(COLORADO SPRINGS) — The Colorado Springs Fire Department (CSFD) reminded homeowners on Monday, Nov. 14 about the cooking risks that come with the holidays.
CSFD tweeted about the fire risks that turkey fryers pose over Thanksgiving, telling homeowners that if “you choose to fry a turkey this year, please do so safely.”
CSFD also stated that “a partially frozen turkey will cause cooking oil to splatter when you put it in the cooking pot, increasing the fire risk.”
If you are planning to fry a turkey, CSFD provided the following steps to take during an interview with FOX21 News in November of 2021:
- Thaw out the bird and pat it dry.
- Always use the turkey fryer outdoors at safe distance from buildings and any other material that can burn.
- Make sure the fryer is on a flat surface to reduce accidental tipping.
- Keep an all-purpose fire extinguisher nearby (never use water).
- Never leave the fryer unattended.
- Don’t let children or pets near the fryer.
- Do not overfill the fryer.
- Use well-insulated potholders or oven mitts when touching the pot or lid handles.
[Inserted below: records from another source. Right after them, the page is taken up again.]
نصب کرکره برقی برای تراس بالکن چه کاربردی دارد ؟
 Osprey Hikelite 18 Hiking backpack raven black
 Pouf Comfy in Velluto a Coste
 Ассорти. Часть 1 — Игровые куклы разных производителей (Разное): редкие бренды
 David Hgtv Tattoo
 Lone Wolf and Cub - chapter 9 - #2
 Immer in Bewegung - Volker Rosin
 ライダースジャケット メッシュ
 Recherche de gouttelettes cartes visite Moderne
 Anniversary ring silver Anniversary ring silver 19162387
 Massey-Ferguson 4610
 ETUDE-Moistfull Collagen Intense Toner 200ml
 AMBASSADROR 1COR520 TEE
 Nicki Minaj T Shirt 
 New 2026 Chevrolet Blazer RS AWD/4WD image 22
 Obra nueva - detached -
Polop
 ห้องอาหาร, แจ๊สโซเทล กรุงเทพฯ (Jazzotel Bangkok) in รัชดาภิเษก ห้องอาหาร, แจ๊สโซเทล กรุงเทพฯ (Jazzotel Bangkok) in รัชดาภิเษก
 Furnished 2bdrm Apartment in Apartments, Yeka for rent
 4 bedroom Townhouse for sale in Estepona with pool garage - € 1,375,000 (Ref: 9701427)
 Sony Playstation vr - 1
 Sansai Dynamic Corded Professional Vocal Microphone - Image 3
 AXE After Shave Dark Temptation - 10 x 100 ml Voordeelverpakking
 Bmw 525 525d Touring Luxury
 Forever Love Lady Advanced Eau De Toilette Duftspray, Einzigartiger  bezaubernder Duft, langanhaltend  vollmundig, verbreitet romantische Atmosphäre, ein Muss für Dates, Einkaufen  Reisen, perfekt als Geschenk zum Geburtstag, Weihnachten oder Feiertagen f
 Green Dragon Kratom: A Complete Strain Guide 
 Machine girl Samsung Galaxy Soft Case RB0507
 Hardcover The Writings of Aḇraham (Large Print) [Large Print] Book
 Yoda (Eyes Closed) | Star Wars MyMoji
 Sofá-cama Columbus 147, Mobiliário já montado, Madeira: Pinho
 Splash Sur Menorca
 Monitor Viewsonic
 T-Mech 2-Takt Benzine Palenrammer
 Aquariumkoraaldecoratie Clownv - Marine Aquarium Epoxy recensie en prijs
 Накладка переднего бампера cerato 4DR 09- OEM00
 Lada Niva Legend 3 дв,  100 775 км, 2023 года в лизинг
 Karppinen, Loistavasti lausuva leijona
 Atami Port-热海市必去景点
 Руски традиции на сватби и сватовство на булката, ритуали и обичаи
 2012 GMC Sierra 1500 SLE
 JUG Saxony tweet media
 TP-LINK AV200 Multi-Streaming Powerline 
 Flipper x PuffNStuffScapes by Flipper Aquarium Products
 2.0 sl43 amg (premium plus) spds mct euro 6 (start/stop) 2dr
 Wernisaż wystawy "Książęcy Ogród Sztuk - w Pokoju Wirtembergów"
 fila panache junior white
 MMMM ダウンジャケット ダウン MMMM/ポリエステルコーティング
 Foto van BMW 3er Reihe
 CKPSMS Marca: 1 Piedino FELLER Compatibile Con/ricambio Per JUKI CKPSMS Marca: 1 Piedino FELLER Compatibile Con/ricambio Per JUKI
The Fire Department also has tips on its website for general Thanksgiving Cooking Safety. CSFD lists the below tips and action steps for the holiday:
- Stay in the kitchen when you are cooking on the stovetop so you can keep an eye on the food.
- Stay in the home when cooking your turkey and check on it frequently.
- Keep children away from the stove. The stove will be hot and kids should stay 3 feet away.
- Make sure kids stay away from hot food and liquids. The steam or splash from vegetables, gravy or coffee could cause serious burns.
- Always set a timer to remind you of when to check in on your cooking and baking.
- Keep the floor clear so you don’t trip over kids, toys, pocketbooks or bags.
- Keep knives out of the reach of children.
- Be sure electric cords from an electric knife, coffee maker, plate warmer or mixer are not dangling off the counter within easy reach of a child.
- Keep matches and utility lighters out of the reach of children — up high in a locked cabinet.